St. Molings Route – Driving Trail
The Barrow River is the most prominent landmark in this trail which covers the southern part of Co. Carlow. Since historical times, Carlow has been shaped by its rivers. As a result, there are many prehistoric sites and early Christian settlements throughout the area. The trail is 77km (44 miles) long. The trail route begins at the famous Borris House.
The Step House Hotel
The Step House Hotel is a 200-year-old dower house of the McMorrough Kavanagh Estate. The 4-star boutique hotel is located in the heart of Borris. It is a beautiful Georgian townhouse with deep archways and vaulted ceilings. The award-winning Cellar Restaurant provides a classic and intimate setting for guest dining, with beautiful wooden floors and vaulted ceilings.
Killoughternane Church is a 10th-century Celtic Christian church located 6km from Borris. It was built on the remains of a timber church said to have been built in the 5th century AD by St. Fortiarnán. Also known as the white church, the ruin is small and roofless, measuring approximately 5.5m in length and 3.5m in width. It features a rectangular baptismal font in the northeast corner.
Borris is home to Mount Leinster Rangers GAA Club, which was founded in 1988 with the amalgamation of 3 parish teams: Borris, Ballymurphy and Rathanna.

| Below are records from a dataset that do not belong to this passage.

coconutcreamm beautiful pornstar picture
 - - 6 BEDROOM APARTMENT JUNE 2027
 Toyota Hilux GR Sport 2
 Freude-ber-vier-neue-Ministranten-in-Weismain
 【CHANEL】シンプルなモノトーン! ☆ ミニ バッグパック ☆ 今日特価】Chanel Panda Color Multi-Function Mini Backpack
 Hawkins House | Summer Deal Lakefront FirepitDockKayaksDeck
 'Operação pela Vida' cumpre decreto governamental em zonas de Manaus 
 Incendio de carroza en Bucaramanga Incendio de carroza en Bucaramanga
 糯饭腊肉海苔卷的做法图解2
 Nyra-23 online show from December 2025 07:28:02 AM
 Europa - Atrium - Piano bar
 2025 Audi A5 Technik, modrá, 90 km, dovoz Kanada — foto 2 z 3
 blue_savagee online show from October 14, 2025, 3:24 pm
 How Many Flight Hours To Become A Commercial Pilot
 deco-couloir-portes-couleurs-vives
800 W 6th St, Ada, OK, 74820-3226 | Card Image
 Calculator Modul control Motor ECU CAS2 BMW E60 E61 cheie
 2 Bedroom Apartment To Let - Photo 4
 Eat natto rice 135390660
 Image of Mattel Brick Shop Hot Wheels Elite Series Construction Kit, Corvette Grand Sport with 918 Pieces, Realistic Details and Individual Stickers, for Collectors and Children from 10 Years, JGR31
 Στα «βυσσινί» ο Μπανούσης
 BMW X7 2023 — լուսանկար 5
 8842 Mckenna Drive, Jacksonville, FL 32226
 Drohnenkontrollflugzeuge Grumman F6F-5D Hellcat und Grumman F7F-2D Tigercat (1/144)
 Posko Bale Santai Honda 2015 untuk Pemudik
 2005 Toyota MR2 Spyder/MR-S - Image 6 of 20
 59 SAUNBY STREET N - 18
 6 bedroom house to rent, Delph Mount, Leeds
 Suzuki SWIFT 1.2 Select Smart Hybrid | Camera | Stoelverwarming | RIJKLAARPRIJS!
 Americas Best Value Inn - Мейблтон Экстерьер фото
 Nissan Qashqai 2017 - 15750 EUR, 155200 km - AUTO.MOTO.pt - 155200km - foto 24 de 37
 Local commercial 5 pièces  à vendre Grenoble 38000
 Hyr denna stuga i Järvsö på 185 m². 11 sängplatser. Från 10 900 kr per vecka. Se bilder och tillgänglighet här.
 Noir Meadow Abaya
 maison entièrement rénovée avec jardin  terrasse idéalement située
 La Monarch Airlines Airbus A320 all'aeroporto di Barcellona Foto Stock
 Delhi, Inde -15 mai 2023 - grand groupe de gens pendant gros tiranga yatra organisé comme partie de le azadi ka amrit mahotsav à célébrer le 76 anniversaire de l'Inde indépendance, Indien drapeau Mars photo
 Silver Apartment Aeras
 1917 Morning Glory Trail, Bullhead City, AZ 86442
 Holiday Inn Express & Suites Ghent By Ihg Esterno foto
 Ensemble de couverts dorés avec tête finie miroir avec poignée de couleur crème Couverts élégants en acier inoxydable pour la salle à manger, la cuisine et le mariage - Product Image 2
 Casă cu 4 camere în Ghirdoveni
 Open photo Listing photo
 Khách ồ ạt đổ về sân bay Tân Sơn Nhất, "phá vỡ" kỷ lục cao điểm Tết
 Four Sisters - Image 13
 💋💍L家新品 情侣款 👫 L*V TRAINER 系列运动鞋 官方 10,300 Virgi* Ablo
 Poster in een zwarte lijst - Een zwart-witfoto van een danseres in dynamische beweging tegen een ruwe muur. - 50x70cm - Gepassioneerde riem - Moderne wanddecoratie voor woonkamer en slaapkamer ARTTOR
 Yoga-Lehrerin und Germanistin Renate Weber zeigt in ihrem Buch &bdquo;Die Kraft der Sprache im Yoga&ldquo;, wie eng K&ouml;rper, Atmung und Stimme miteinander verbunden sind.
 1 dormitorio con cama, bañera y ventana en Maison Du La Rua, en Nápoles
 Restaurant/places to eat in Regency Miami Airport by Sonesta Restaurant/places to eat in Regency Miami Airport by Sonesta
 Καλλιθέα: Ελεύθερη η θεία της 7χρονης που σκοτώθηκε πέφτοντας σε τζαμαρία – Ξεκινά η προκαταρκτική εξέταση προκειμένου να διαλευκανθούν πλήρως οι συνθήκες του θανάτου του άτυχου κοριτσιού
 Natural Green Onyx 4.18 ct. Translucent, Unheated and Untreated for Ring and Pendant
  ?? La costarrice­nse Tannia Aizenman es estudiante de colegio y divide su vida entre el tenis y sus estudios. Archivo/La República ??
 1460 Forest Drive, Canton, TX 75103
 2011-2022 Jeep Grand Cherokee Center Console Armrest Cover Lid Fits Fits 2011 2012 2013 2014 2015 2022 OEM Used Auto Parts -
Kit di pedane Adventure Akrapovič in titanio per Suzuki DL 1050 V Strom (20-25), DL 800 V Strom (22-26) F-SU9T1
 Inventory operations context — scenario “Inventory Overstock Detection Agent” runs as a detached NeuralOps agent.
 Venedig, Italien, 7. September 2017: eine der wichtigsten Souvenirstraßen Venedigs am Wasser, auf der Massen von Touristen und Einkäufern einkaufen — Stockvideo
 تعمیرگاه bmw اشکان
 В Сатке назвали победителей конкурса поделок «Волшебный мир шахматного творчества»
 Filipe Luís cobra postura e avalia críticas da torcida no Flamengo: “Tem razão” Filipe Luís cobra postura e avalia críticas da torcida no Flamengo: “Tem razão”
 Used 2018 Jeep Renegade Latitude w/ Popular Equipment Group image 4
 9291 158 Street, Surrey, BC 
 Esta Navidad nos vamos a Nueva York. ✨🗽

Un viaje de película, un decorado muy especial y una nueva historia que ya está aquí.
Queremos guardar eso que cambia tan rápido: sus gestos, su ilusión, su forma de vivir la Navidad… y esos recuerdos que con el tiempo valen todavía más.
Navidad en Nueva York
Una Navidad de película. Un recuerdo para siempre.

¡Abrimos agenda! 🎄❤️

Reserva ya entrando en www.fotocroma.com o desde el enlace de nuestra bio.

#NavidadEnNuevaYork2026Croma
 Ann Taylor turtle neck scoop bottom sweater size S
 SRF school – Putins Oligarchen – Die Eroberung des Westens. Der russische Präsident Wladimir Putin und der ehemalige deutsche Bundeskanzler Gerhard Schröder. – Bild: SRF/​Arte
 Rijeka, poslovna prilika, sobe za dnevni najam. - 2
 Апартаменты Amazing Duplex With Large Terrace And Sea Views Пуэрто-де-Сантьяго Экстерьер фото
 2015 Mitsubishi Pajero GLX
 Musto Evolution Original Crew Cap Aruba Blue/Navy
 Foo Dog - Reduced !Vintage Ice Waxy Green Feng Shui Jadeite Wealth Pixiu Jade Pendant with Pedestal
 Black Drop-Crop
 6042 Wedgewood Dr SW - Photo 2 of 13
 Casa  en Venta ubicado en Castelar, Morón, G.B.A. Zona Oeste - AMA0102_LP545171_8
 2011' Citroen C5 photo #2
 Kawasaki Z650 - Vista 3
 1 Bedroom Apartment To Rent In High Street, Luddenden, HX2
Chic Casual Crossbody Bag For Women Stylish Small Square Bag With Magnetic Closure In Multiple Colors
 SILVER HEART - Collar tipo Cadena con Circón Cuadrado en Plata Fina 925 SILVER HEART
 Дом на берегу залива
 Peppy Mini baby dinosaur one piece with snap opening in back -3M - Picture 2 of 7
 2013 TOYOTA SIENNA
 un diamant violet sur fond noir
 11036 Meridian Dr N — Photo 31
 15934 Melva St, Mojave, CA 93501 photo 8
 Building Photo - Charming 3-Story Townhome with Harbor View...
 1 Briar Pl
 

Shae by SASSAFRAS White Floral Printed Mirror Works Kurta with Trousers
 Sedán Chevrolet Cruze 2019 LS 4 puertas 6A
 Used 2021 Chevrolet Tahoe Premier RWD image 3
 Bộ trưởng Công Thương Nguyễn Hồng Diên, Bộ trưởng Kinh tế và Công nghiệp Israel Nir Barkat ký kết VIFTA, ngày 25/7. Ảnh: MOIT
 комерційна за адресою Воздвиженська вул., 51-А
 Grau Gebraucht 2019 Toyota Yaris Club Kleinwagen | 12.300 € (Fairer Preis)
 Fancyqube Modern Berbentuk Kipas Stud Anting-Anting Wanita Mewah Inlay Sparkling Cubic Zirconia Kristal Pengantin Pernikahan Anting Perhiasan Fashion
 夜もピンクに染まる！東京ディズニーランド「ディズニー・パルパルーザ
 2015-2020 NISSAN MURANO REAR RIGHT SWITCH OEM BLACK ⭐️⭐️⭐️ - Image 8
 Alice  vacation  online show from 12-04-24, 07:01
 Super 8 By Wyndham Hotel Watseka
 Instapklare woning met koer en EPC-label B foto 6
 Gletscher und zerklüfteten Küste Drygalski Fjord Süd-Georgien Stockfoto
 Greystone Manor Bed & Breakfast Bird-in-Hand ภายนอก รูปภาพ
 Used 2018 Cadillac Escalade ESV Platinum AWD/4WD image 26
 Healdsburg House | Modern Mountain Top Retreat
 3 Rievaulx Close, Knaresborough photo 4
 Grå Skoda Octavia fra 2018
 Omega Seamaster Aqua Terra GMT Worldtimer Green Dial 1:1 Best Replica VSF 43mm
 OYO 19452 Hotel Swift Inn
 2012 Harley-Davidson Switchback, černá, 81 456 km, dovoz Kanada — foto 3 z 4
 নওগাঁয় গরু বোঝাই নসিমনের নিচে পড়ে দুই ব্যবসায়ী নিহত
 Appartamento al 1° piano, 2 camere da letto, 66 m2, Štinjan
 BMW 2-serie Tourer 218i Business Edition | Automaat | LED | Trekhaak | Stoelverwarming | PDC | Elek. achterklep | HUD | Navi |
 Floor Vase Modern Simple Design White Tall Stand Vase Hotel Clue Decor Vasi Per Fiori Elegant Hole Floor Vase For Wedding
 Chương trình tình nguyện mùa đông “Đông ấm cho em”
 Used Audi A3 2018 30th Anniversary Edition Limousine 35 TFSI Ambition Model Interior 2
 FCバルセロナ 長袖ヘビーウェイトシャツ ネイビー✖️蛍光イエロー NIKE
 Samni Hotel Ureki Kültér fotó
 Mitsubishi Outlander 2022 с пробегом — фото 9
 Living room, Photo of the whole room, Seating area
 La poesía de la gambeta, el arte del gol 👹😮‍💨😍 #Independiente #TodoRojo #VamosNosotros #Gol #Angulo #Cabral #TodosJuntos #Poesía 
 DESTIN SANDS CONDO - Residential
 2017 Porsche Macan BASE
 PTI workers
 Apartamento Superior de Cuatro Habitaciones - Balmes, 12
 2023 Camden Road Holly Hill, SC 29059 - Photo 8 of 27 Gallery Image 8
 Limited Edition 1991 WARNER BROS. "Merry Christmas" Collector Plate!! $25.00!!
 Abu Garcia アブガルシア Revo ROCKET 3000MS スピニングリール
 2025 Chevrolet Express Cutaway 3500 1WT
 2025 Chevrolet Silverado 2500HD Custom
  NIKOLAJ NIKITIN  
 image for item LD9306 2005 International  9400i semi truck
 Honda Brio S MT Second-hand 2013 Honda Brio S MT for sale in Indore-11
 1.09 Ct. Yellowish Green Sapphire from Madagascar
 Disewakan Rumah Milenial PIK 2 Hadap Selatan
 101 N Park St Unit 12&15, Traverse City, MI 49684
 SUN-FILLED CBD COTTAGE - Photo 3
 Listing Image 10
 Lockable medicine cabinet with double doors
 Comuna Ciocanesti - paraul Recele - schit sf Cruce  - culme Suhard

Borris Golf Club, founded in 1907, is one of the oldest clubs in Ireland. The beautifully designed 9-hole course makes for a unique experience. The surrounding countryside provides breathtaking views that are unexpected and always memorable. This fairway course is maintained to an exceptional standard. With a fully automatic irrigation system and the environmentally friendly sand base greens, this course will challenge even the most seasoned golfer. Its well-balanced plants and diverse tree species make it a joy to play for all.
The Borris Athletic Sports were inaugurated in 1872 by the Borris Cricket Club.
The local soccer club is Borris AFC.
Blackstairs Eco Trails, an award-winning Eco tourism business, is located 5kms from Borris. Visitors can explore the 5-acre wooded area where they can discover all sorts of wildlife. Scattered throughout the area are plenty of trails for visitors to stroll, learn about nature, and relax in the park. A small lake is easy to access, perfect for swimming and canoeing, and provides stunning views. There is also a beautiful park with winding paths, flower meadows and an Old Rose Garden to explore.
Borris Food and Craft Market is a popular market full of locally sourced produce, handcrafted goods, and a good selection of locally crafted artisanal foodstuffs. The market boasts a variety of products for sale from local artists and craftspeople who have been established in the area for many years.
The Store is located in the Gate Lodge of Borris House, which houses a fantastic assortment of local artisan crafts, art and craft products. The store stocks a wide range of high-quality items including varied types of jewellery, candles, leather goods, beeswax products, jams and cordials.
It may be a cliché, but the Irish pub is very much alive and well in Borris. Whether you end up in O’Shea’s, Joyce’s or Bob’s Bar, you’ll get an authentic Irish experience complete with warm fires, warm welcomes and warm drinks.